Facoltà di Scienze Biomediche, Università Della Svizzera Italiana (USI), 6900 Lugano, Switzerland

^*

Author to whom correspondence should be addressed.

J. Clin. Med. 2023, 12(2), 398; https://doi.org/10.3390/jcm12020398

Submission received: 30 November 2022 / Revised: 29 December 2022 / Accepted: 3 January 2023 / Published: 4 January 2023

(This article belongs to the Special Issue Novel Methods of Diagnostics of Thyroid and Parathyroid Lesions)

Download

Browse Figure

Review Reports Versions Notes

Abstract

:

Background: Several US risk stratification score systems (RSSs) have been developed to standardize a thyroid nodule risk of malignancy. It is still a matter of debate which RSS is the most reliable. The purpose of this study is to evaluate: (1) the concordance between the American College of Radiology TI-RADS (ACR TI-RADS) and fine needle aspiration cytology (FNAC), (2) the cancer rate in the ACR TI-RADS categories, (3) the characteristics of nodules evaluated by FNAC even if not formally indicated according to ACR TI-RADS (‘not indicated FNACs”). Methods: From January 2021 to September 2022, patients attending the Endocrinology Unit of the CTO Hospital of Rome for evaluation of thyroid nodules were included. Results: 830 nodules had negative cytology, belonging to TIR2 and TIR1C. One hundred and thirteen nodules were determined to be suspicious for or consistent with malignancy belonging to TIR3B/TIR4/TIR5. Of this last group, 94% were classified as TR4/TR5 nodules. In total, 87/113 underwent surgery. Among these, 73 had histologically proven cancer, 14 turned out to be benign. “Not indicated FNACs” was 623. Among these, 42 cancers were present. Conclusions: This study confirmed the diagnostic power of ACR TI-RADS. In addition, these data suggest revising the ACR TI-RADS indication to FNAC, especially for TR4.

Keywords:

FNAC; ACR TI-RADS; risk of neoplasm; rate of malignancy; “not indicated FNACs”

1. Introduction

The thyroid gland may contain one or more lesions, structurally distinct from the surrounding parenchyma, called “nodules”. Thyroid nodules are commonly present in the general population of the world, with prevalence ranging from 16% to 68%, according to different studies and the observed population [1]. In the last few years, the widespread use of ultrasound (US) and other radiological techniques [2] has allowed one to also detect non-palpable thyroid nodules, which, in spite of being asymptomatic, often require further diagnostic process, with thyroid scintigraphy and/or fine needle aspiration cytology (FNAC). The former is a morphological and functional investigation that may identify “hot “ (10%), “warm “ (10%), and “cold” (80%) nodules, according, respectively, to increased, equivalent, or decreased radiotracer uptake in comparison to the remaining thyroid parenchyma. FNAC is important to estimate the risk of neoplasm (RON) and to indicate surgery. It is necessary to identify clinically relevant nodules, which can hide cancer (ranging widely from 1% to 10%, according to the different observed populations) [3,4], or cause compressive symptoms (approximately 5%) or thyroid dysfunction (5%). Fortunately, approximately 90% of total thyroid nodules are benign and 95% are asymptomatic, and remain this way during the follow up [5].
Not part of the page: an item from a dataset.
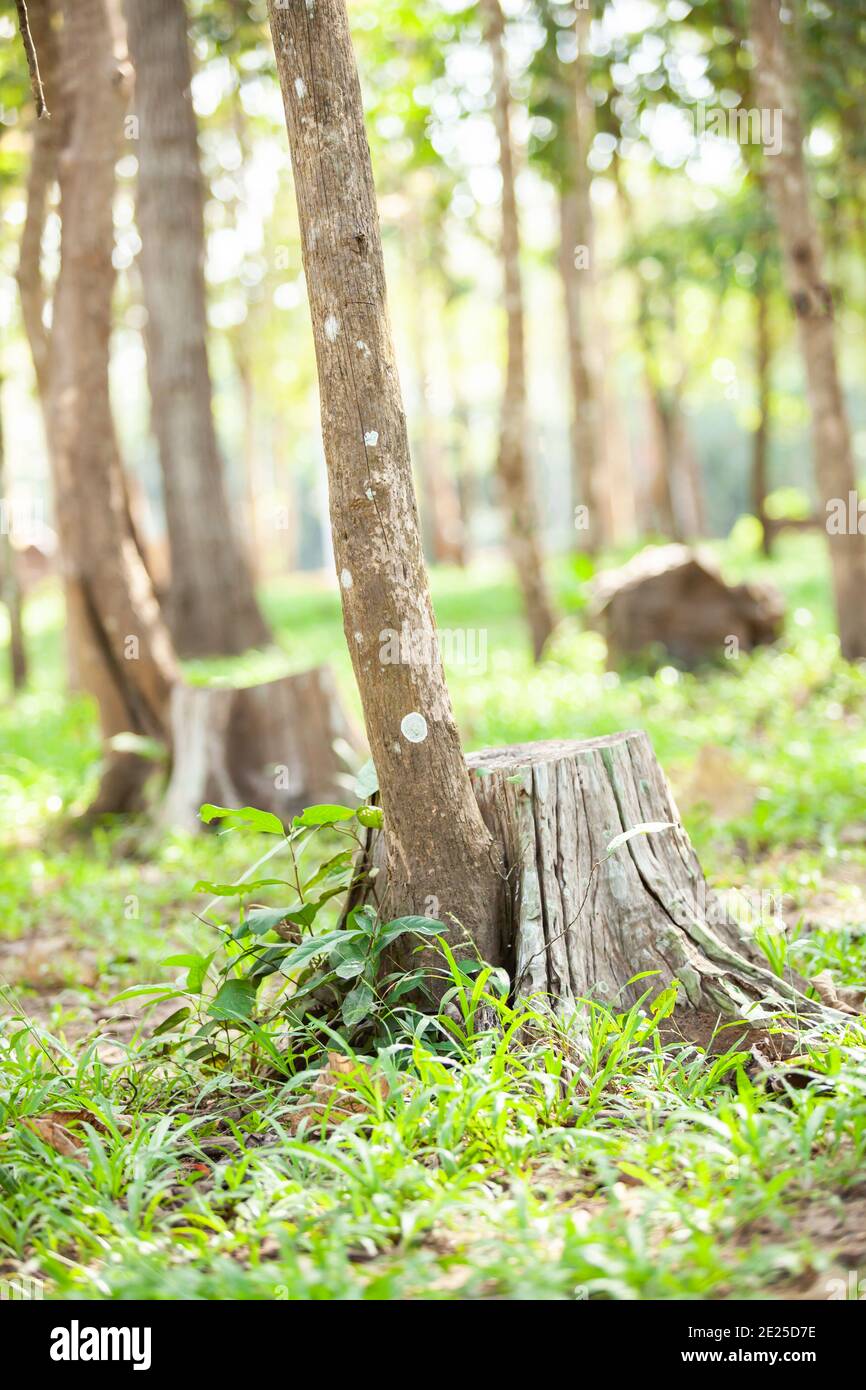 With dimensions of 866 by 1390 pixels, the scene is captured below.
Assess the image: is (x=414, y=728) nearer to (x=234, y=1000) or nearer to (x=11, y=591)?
(x=234, y=1000)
Today, several US features may suggest suspicion of malignancy: nodule composition, echogenicity, shape, margins, and presence of echogenic foci [6]. US examination should also be completed by cervical lymph node scan, (I–VI level) to find suspicious features, such as round shape, increased short axis, absence of the hilum, microcalcifications, cystic components, irregular borders, and increased vascularization [7]. In addition to these, other risk factors for malignancy may be also present in the patient’s medical history: childhood radiation (mainly head and neck and whole-body radiation [8]), exposure to ionizing radiation from fall-out in childhood or adolescence [9], and family history of thyroid cancer or hereditary syndromes that include thyroid cancer (e.g., multiple endocrine neoplasia syndrome type 2, familial adenomatous polyposis, and Cowden’s disease). Moreover, it should be investigated if the nodule(s) is growing rapidly or if it is causing hoarseness or other disturbances.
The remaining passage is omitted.